「ピエール・ガニエールトーキョー」

食べ歩き ,

ロティされたロゼール産乳飲み仔羊のキャレは、歯を優しく受け入れる。
まだつたない筋肉が、砕けていく。
その食感に柔らかなムール貝が加わって、すこし色気を落とす。
ロックフォールソースは乳飲み仔羊の淡い滋味を引き閉めて、味を太くし、力づける。
添えられるのは、羊の香りが溶け込んだクスクススープで、その心憎沙に微笑む。
二皿目は、ロゼール産乳飲み仔羊のパイ包み焼きナバランソーストきた。
部位はエポールである。
焦げる寸前まで焼き込んだパイの香ばしさに、トマトの旨味を溶け込ませたナヴァランソースが答える。
焼けたパイと仔羊の香りと旨味、そしてたっぷりかけられた堂々たる伝統のソースを混ぜて食べる喜びは、いつ以来だろう。
三皿目はジゴの煮込みに、ソースはジュにエスプレット・ピメントの辛味を効かせてある。

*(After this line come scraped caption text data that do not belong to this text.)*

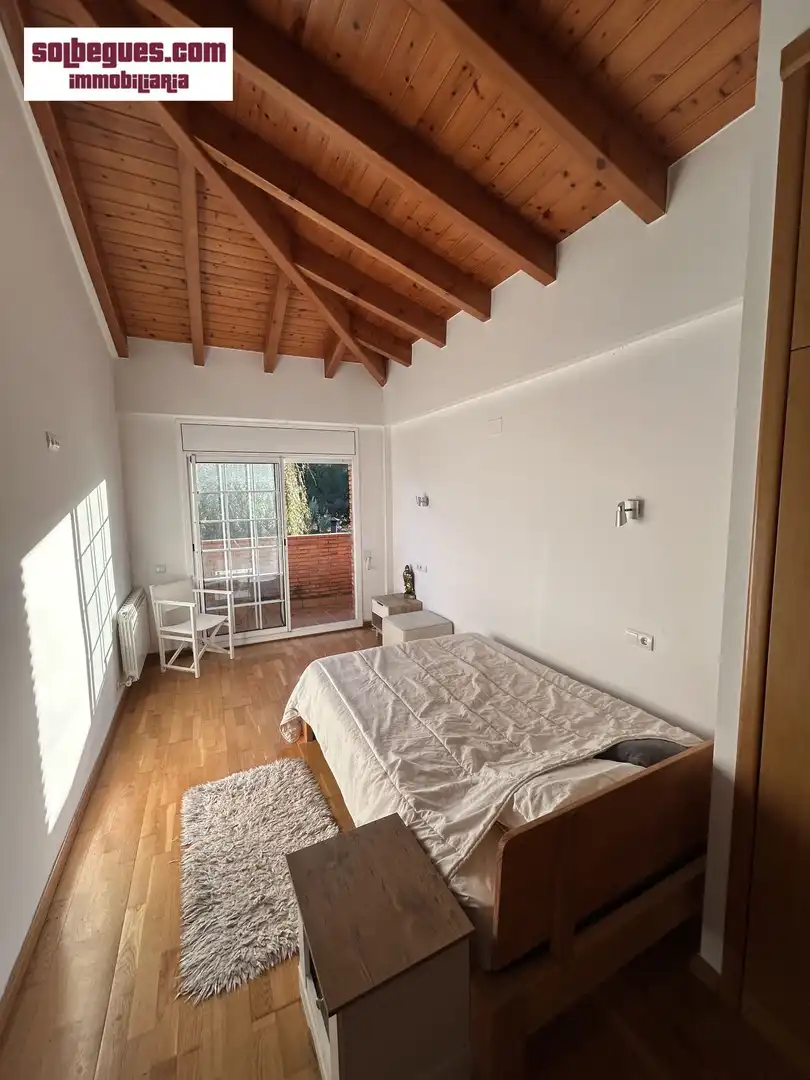 Dormitori de Casa o xalet en venda en Begues amb Calefacció, Jardí privat i Terrassa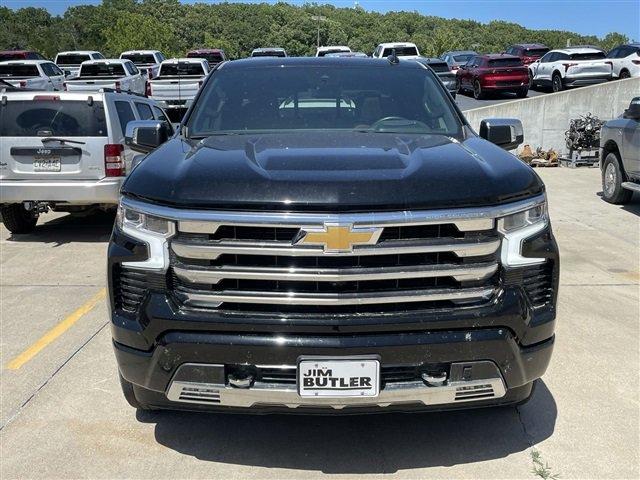 Used 2023 Chevrolet Silverado 1500 High Country with VIN 1GCUDJE83PZ276821 for sale in Linn, MO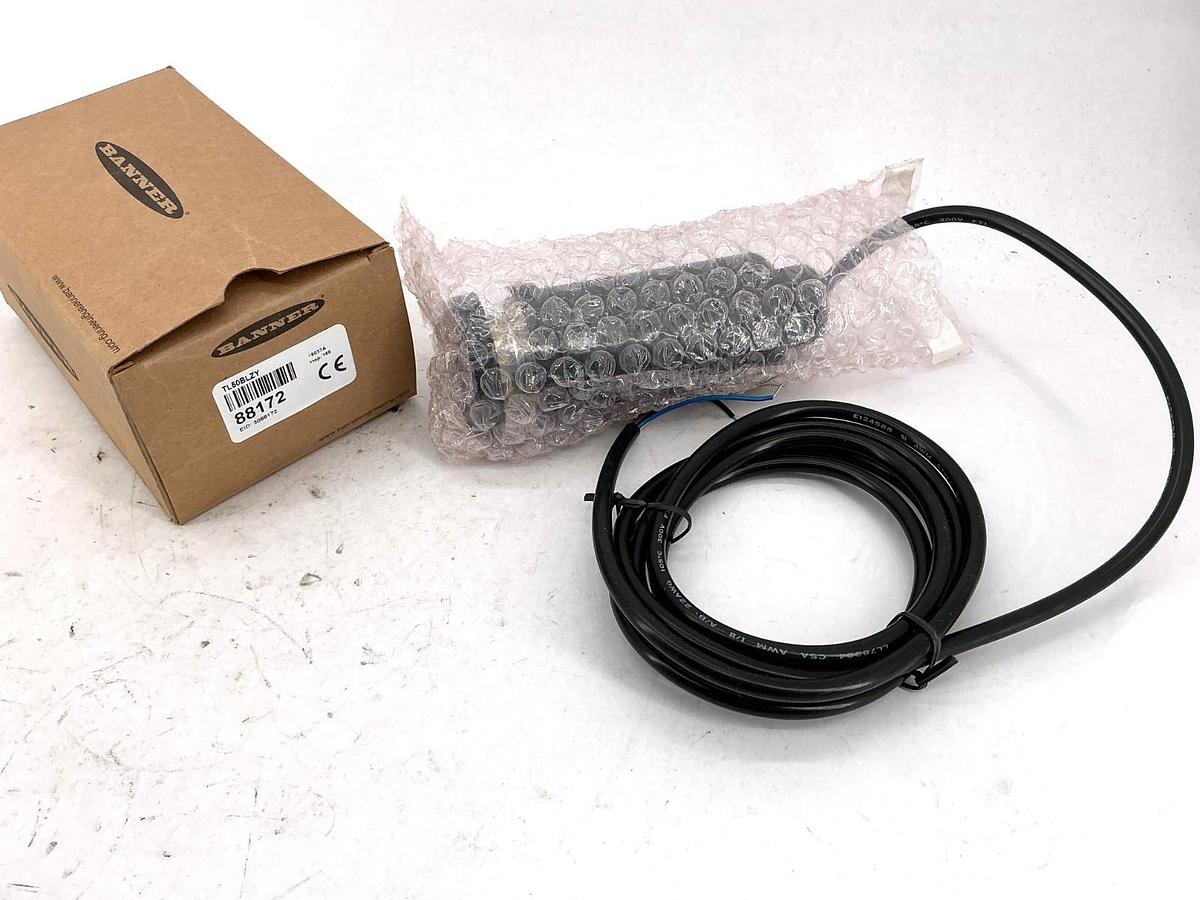 New Banner Engineering TL50BLZY Beacon Tower Light 4-Wire 88172 - Missing Parts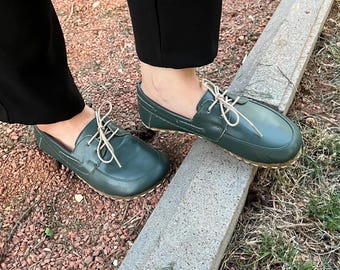 Barefoot koperen aardingsschoenen voor dames, klinknagels, duurzame minimalistische stijl, echt groen leer, brede voetenbank, platte zool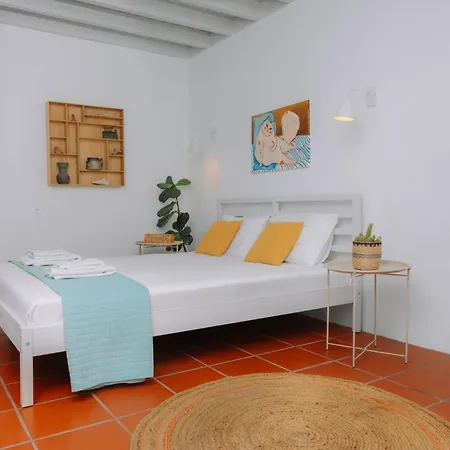 Mayelia Cozy House In The Medieval Town Feriehus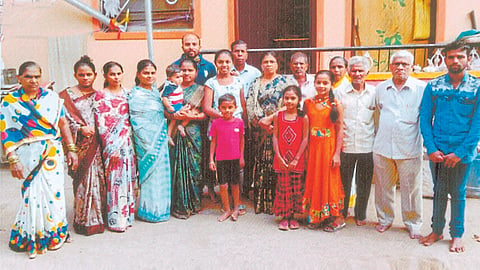 समाजहिताची कामे करीत गुण्यागोविंदाने नांदत आहे 30 जणांचे एकत्र कुटुंब!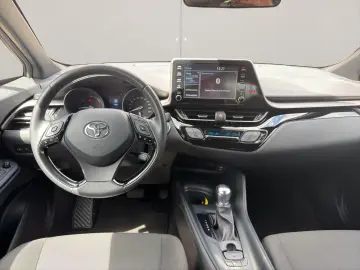 TOYOTA C-HR Hybrid Flow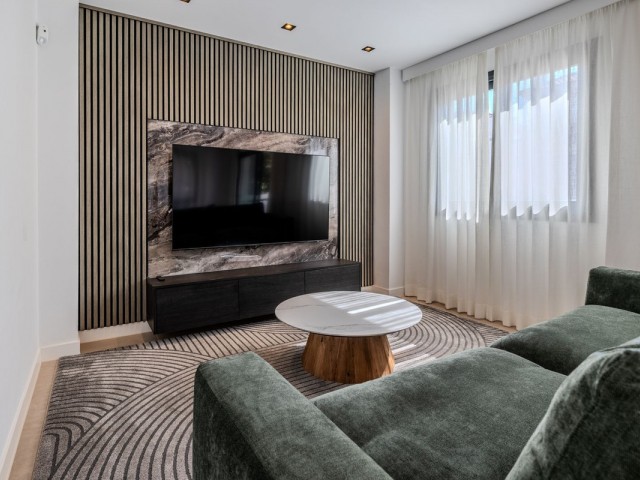 Maison mitoyenne avec 3 Chambres  à Estepona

幼いながらも、肉の凛々しさを懸命に出そうとしている乳飲み仔羊を、その辛味が応援するかのように、盛りたてる。
これまた痛快な皿である。
「ピエール・ガニエールトーキョー」では、前菜は同じ食材で五皿、メインは、同じ食材三皿を出すという特異のスタイルで攻めてくる。
ピエール・ガニエール氏から全幅の信頼を得ている赤坂シェフの傑作が続く。
これが食いしん坊心を突いて実に面白いのだな。